Hillary Miller-Wise is deputy regional director for West and Southern Africa for Technoserv, a United States-based non-profit organisation that works to build competitive farms, business and industries.
She says ICT strategies with multiple stakeholders need to make sure their incentives are aligned and the business model is viable.
“We have an ecosystem of partners who bring specialisation and we have learned that each must have defined roles and responsibilities, otherwise the leadership is diluted.
“You must also understand the value addition of each player and whether to include them or not. And lastly, you must simplify, simplify, simplify.”

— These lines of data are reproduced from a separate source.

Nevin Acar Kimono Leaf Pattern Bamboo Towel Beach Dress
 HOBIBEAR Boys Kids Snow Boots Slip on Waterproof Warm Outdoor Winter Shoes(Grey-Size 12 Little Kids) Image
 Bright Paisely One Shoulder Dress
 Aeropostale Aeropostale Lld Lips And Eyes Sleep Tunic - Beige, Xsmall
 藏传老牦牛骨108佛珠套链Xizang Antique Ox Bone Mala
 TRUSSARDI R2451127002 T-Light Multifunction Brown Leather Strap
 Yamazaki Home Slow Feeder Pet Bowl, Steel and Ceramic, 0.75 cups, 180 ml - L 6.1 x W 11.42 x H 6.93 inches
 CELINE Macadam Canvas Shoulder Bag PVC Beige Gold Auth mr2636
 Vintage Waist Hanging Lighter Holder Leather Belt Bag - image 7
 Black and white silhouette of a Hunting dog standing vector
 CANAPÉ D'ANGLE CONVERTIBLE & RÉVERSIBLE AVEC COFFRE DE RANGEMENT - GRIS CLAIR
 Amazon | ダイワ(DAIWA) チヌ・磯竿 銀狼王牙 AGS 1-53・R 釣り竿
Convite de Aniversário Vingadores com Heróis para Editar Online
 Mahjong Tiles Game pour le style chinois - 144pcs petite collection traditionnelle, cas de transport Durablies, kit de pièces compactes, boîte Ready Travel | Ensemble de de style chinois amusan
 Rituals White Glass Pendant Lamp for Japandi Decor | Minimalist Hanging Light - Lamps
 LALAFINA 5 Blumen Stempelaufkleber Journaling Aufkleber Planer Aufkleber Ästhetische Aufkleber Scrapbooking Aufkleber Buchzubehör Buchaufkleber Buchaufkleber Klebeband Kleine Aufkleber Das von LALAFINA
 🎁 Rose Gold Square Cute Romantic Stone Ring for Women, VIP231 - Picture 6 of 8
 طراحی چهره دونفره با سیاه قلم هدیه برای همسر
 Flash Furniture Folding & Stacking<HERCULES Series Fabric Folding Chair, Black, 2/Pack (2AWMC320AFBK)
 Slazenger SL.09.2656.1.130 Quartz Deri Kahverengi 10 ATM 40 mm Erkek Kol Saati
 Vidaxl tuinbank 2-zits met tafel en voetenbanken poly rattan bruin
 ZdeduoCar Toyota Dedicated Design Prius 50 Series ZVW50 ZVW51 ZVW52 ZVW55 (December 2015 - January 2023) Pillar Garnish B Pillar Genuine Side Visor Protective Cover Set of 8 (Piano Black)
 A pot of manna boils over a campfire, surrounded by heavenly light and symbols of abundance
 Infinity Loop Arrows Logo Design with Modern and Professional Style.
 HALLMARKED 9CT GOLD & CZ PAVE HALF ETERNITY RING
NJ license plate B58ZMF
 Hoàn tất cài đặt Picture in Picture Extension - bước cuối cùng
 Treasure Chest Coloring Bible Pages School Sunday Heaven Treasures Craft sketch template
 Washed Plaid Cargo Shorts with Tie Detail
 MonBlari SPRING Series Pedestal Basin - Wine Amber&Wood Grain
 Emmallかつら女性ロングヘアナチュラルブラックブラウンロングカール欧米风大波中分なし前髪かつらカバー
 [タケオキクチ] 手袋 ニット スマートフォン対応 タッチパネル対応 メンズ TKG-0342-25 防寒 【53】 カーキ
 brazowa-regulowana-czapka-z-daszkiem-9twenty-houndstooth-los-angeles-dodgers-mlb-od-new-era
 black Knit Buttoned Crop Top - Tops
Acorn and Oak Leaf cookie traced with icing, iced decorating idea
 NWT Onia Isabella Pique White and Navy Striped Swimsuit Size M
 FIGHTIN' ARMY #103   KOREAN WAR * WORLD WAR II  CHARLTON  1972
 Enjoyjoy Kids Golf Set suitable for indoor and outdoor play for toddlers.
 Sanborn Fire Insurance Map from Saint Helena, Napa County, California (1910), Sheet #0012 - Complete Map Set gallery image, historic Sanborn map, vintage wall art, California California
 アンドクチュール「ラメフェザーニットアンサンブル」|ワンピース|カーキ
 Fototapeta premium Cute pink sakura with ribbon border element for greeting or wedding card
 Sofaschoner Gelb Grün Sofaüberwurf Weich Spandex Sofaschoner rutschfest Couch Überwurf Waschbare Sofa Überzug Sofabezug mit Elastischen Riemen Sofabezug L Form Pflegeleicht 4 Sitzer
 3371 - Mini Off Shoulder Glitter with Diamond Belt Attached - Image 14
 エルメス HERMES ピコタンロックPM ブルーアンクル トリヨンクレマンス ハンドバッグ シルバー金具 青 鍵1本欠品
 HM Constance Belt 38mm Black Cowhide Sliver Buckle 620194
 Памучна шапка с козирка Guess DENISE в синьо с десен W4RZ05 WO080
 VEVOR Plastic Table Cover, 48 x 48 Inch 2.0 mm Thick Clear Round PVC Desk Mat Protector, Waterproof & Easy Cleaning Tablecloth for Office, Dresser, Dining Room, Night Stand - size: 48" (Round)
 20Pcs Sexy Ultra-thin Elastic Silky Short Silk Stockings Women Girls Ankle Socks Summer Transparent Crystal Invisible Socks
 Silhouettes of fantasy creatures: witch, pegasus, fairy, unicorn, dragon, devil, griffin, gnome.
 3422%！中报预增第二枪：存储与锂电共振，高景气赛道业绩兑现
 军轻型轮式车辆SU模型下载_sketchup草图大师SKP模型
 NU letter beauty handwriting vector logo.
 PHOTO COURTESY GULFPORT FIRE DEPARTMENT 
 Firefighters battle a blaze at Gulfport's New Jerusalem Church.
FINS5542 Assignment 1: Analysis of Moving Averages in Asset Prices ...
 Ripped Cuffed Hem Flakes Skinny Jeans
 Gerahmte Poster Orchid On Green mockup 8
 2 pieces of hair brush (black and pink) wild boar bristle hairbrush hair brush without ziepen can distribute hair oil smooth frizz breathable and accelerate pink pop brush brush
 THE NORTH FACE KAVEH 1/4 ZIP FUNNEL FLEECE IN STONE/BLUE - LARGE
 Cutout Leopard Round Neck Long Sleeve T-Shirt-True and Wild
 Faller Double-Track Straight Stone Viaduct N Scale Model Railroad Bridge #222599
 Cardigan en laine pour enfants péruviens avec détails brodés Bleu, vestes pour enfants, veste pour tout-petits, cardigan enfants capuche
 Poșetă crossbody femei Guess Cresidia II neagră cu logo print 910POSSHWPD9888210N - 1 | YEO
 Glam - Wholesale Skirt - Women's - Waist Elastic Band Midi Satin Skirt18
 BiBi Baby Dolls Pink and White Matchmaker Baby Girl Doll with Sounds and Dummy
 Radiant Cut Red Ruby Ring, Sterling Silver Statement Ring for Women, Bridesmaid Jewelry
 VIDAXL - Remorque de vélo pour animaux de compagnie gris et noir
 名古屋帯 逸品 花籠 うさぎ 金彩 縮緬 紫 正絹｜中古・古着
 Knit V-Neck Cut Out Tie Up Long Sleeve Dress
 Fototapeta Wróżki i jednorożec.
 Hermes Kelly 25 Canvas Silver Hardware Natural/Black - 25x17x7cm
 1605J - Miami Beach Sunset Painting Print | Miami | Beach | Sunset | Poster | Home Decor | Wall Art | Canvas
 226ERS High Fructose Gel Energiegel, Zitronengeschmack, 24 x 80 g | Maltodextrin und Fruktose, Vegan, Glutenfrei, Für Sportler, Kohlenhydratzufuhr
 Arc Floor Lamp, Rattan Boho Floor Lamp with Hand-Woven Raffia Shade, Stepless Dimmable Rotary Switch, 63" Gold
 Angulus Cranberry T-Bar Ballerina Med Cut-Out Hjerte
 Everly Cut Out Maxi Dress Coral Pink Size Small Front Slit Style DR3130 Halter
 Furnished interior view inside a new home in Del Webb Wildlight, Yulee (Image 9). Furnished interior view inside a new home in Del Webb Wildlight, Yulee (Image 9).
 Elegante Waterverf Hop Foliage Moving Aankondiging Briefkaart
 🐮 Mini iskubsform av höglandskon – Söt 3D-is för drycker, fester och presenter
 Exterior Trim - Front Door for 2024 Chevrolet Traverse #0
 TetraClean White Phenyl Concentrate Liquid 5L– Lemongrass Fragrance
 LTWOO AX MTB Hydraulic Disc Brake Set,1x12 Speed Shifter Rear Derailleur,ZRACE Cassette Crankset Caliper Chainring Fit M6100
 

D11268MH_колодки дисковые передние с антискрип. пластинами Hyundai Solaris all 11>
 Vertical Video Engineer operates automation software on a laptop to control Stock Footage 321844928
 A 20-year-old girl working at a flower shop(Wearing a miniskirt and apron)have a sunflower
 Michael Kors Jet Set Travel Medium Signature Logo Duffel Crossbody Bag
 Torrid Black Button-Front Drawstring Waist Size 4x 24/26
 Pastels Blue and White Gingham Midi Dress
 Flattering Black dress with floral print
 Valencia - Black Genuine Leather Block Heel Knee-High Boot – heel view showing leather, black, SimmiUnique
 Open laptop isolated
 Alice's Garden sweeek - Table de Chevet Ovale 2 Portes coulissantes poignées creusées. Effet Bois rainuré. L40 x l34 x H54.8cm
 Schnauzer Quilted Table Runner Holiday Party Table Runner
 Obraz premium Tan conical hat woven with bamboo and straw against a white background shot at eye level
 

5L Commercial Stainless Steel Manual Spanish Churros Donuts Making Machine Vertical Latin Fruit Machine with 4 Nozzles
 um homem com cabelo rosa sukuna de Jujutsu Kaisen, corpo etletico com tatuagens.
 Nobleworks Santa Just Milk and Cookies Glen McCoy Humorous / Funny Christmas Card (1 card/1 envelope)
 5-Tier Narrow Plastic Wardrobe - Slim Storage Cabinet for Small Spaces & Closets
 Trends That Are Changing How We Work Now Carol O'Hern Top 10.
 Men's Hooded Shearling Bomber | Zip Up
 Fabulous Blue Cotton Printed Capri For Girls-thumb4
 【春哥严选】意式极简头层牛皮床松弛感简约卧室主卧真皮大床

The advice sounds solid and easy to follow but the choices a farming organisation has around agronomic mobile applications are many, and are complicated by the rapid growth in this industry.
Shaun Ferris from Catholic Relief Services says it is a case of individual solutions.
His slide that intended to capture the software choices available along the value chain starting from preproduction, through to production, post-harvest and marketing illustrated how confusing it could be for newcomers to ICTs.
It’s okay to be confused, says Esoko founder and CEO Mark Davies.
“Developers are driven by a mission to produce new services that will assist farmers so we are seeing many options being offered. This is normal for this transitional stage of development.”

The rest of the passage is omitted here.